• _Entries supplied_

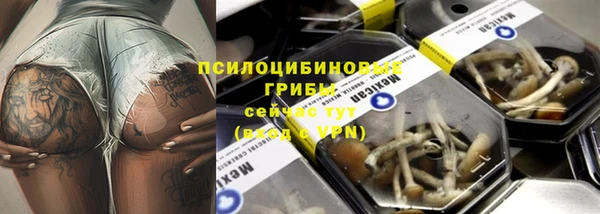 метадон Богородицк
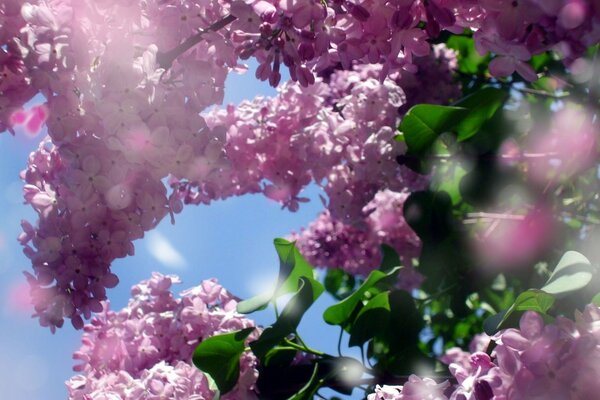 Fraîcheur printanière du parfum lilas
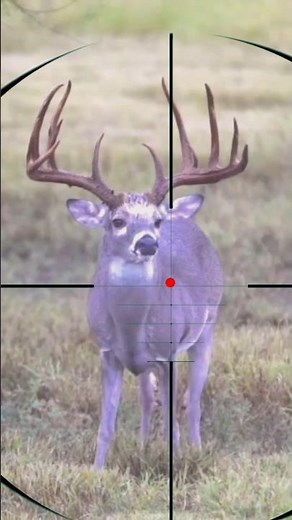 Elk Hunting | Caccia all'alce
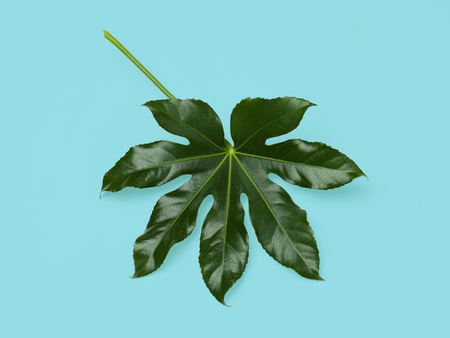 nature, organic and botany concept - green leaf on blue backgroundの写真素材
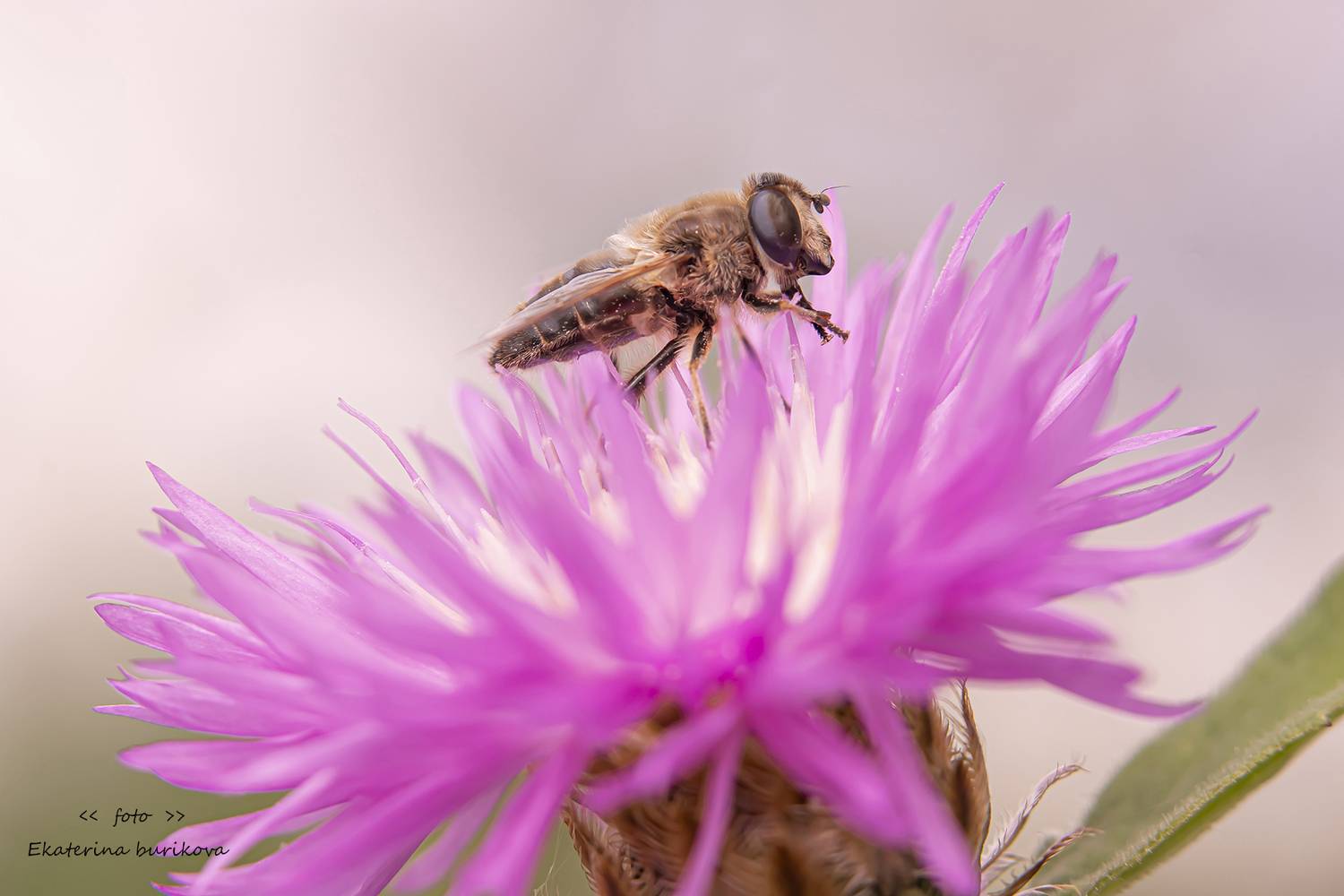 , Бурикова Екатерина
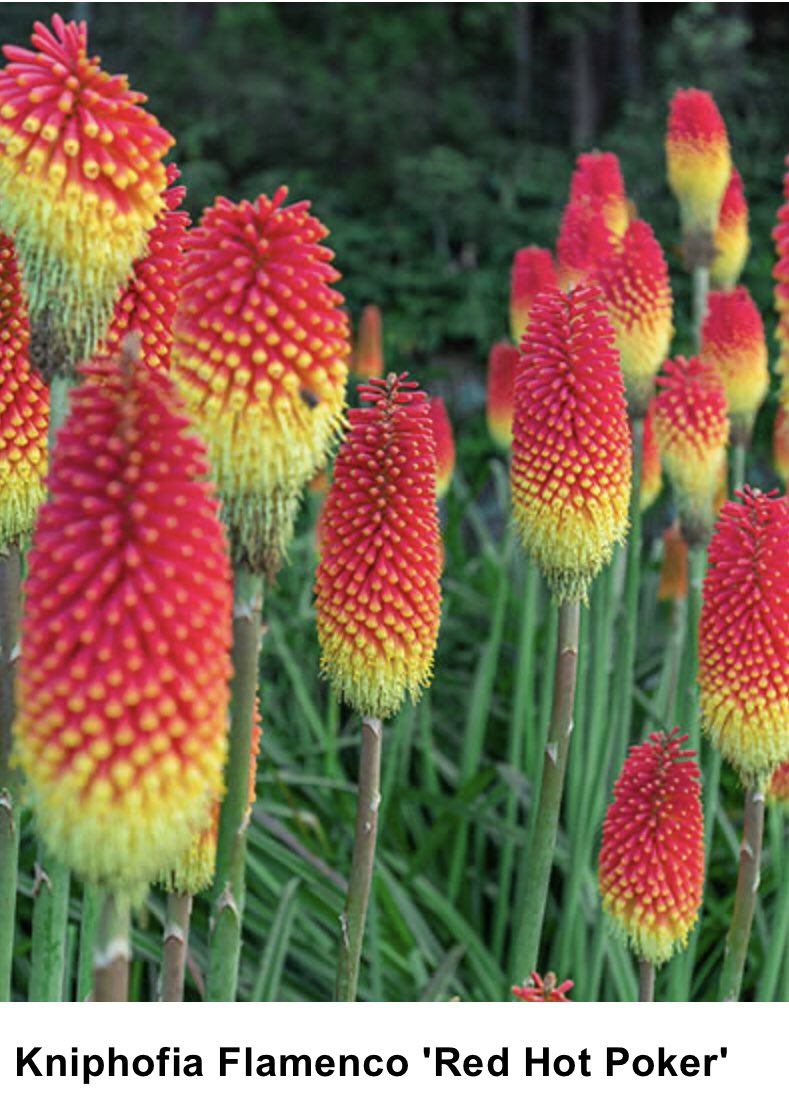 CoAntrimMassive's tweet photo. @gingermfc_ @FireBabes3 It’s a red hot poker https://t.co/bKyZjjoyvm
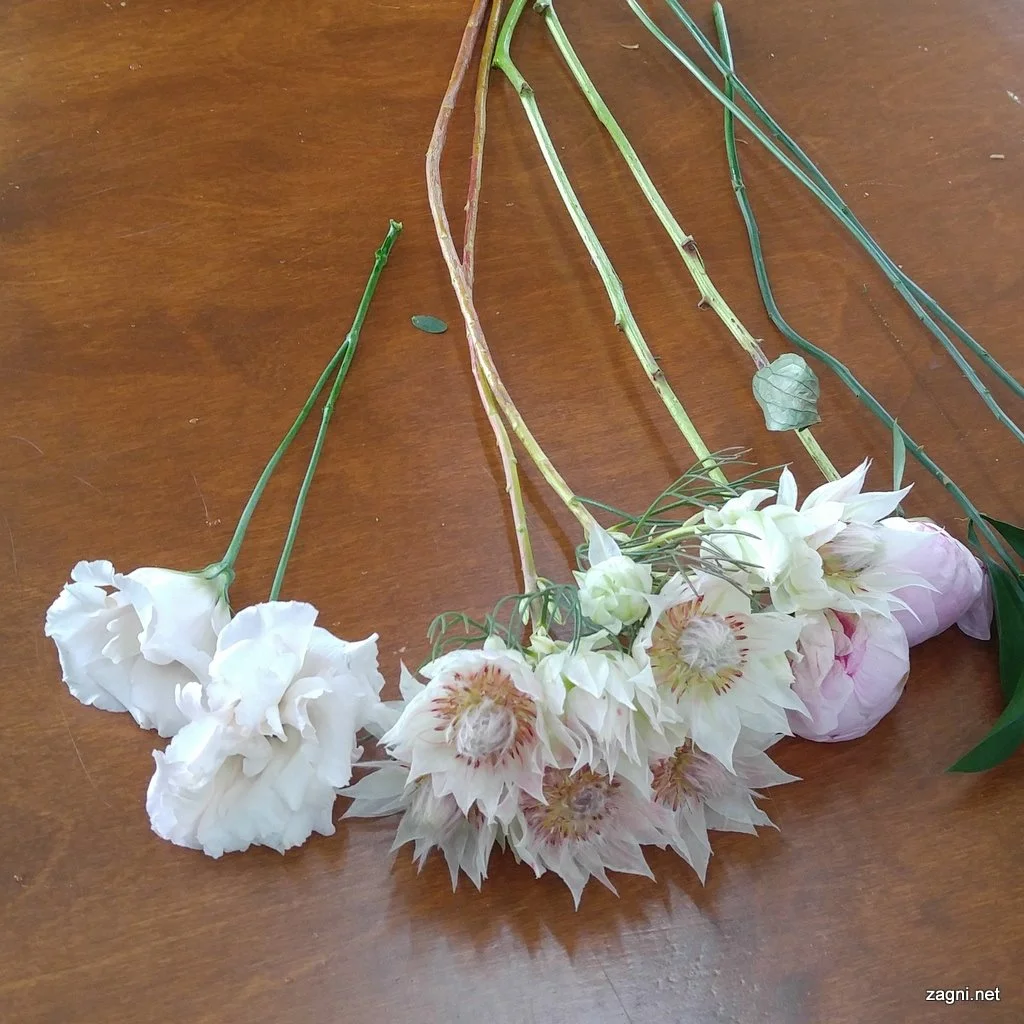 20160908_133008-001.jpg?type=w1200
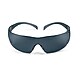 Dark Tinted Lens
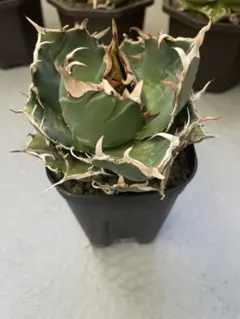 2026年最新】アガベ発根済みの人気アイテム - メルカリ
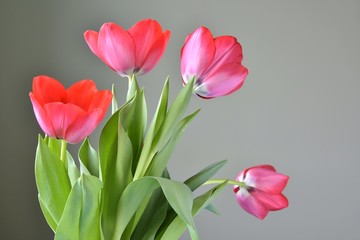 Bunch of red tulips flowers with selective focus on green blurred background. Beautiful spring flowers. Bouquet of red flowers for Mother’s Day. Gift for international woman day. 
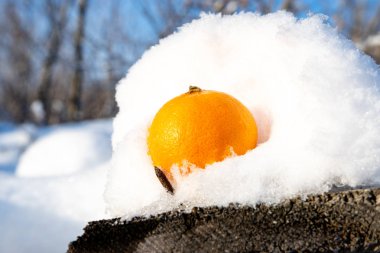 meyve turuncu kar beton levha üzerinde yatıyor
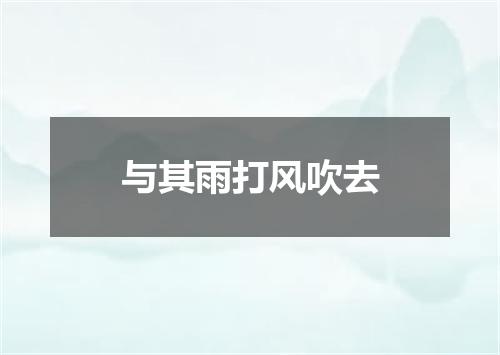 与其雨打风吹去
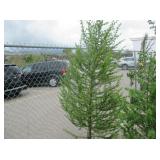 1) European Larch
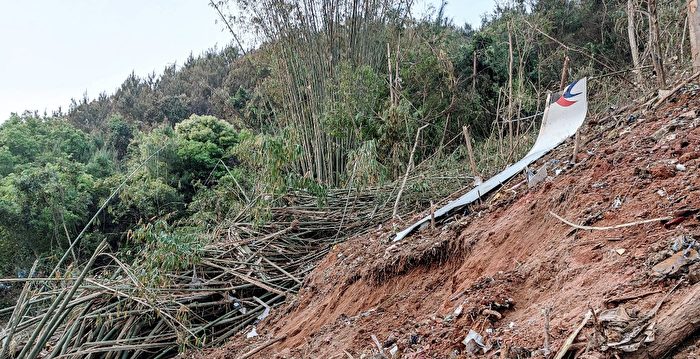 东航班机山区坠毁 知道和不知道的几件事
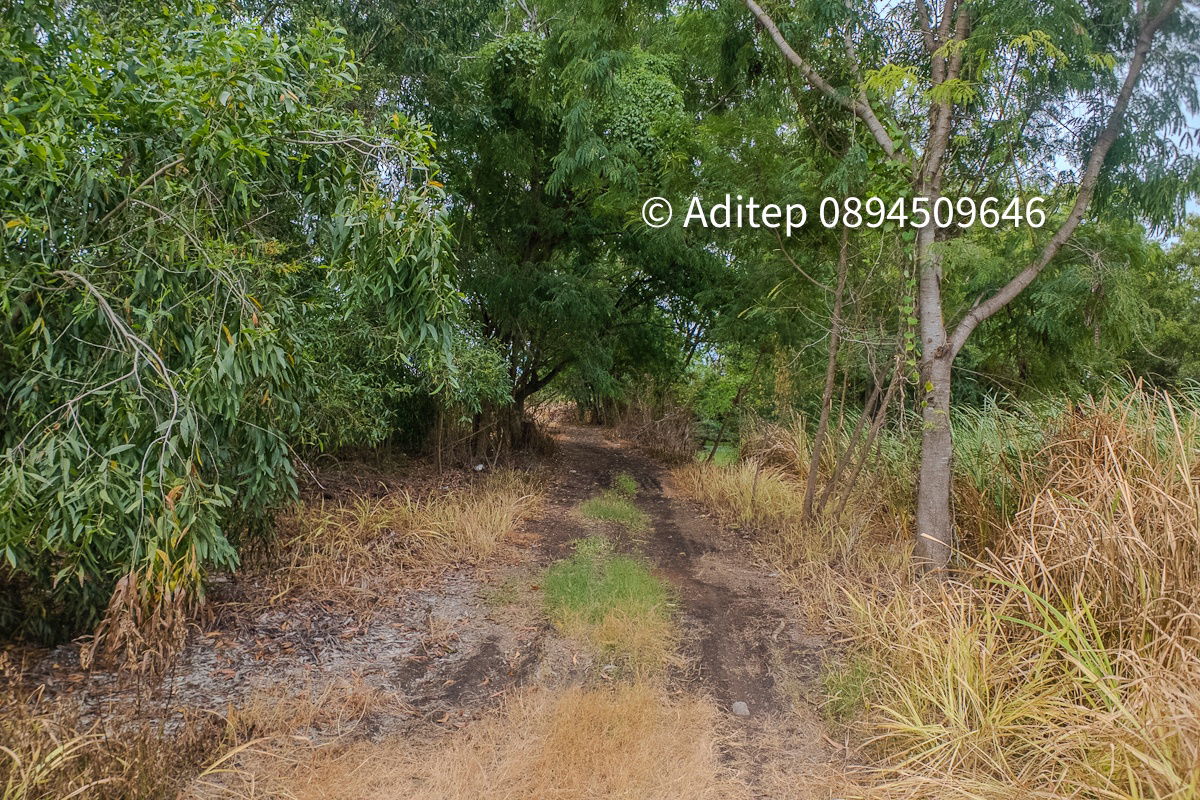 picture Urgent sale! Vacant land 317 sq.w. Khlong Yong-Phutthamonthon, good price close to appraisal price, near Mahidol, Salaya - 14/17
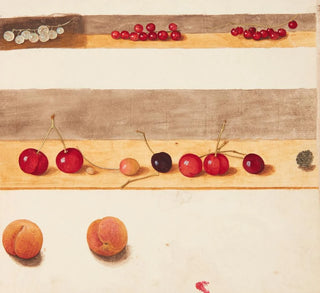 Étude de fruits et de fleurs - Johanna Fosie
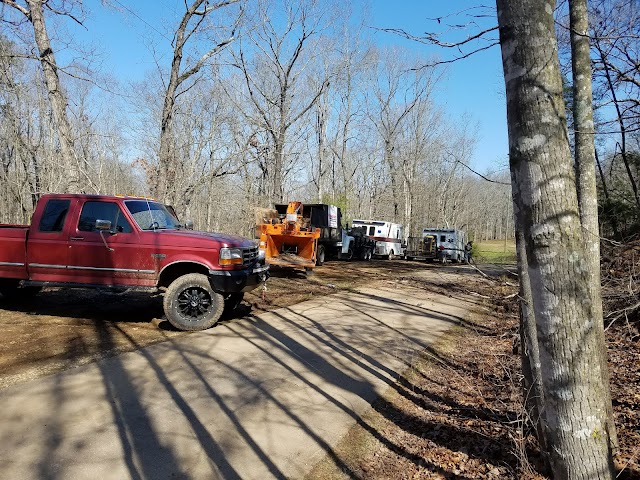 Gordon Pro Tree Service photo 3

• _What to work on_
The records above should be output exactly, but without any of their pictures.

• _Task output_
 метадон Богородицк
 Fraîcheur printanière du parfum lilas
 Elk Hunting | Caccia all'alce
 nature, organic and botany concept - green leaf on blue backgroundの写真素材
 , Бурикова Екатерина
 CoAntrimMassive's tweet photo. @gingermfc_ @FireBabes3 It’s a red hot poker https://t.co/bKyZjjoyvm
 20160908_133008-001.jpg?type=w1200
 Dark Tinted Lens
 2026年最新】アガベ発根済みの人気アイテム - メルカリ
 Bunch of red tulips flowers with selective focus on green blurred background. Beautiful spring flowers. Bouquet of red flowers for Mother’s Day. Gift for international woman day. 
 meyve turuncu kar beton levha üzerinde yatıyor
 与其雨打风吹去
 1) European Larch
 东航班机山区坠毁 知道和不知道的几件事
 picture Urgent sale! Vacant land 317 sq.w. Khlong Yong-Phutthamonthon, good price close to appraisal price, near Mahidol, Salaya - 14/17
 Étude de fruits et de fleurs - Johanna Fosie
 Gordon Pro Tree Service photo 3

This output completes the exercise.